Synthesis of carotenoids

Overnight cultures of E. coli containing plasmids encoding zinc finger fusion protein for astaxantin synthesis with or without plasmid encoding DNA program were diluted 1:1000 in fresh Luria Bertani broth and grown at 30oC in the presence of appropriate antibiotics. At various time points samples were taken and bacteria were removed by sedimentation (5 min at 13.000 rpm). To facilitate bacterial lysis, bacterial pellets were a freeze-thawed at -80oC room temperature, respectively. Carotenoids were extracted with mixture of organic solvents.

HPLC

High-performance liquid chromatography (or high-pressure liquid chromatography, HPLC) is a chomatographic technique that can separate a mixture of compounds and is used to identify, quantify and purify the individual components of the mixture. HPLC typically utilizes different types of stationary phase (hydrophobic) saturated carbon chains, a pump that moves the mobile phase(s) and analyte through the column, and a detector that provides a characteristic retention time for the analyte.

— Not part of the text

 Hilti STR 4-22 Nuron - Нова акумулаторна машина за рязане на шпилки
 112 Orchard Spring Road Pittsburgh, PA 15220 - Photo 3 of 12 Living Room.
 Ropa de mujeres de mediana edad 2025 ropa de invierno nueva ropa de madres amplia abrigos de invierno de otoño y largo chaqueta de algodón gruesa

Samples of carotenoids were then analyzed by HPLC-UV system consisted of LC pump P2000 (Thermo, Finnigan, San Jose, CA, USA), autosampler Spectrasystem TPS (AS 100) with fixed 20 µl loop and UV detector (Thermo, Finnigan). Separation was performed on a stainless-steel column Prontosil C30, (250 x 4.6 mm I.D.) with Phenomenex HPLC guard cartridge C18 as a precolumn. Acetone or acetone:water (9:1, v/v) were used as a mobile phase for beta-carotene or lycopene and zeaxanthin or canthaxanthin, respectively. All compounds were detected at 450 nm. Flow rate was 1 ml/min for all compounds while run time was 15 min for beta-carotene or lycopene and 25 min for zeaxanthin or canthaxanthin.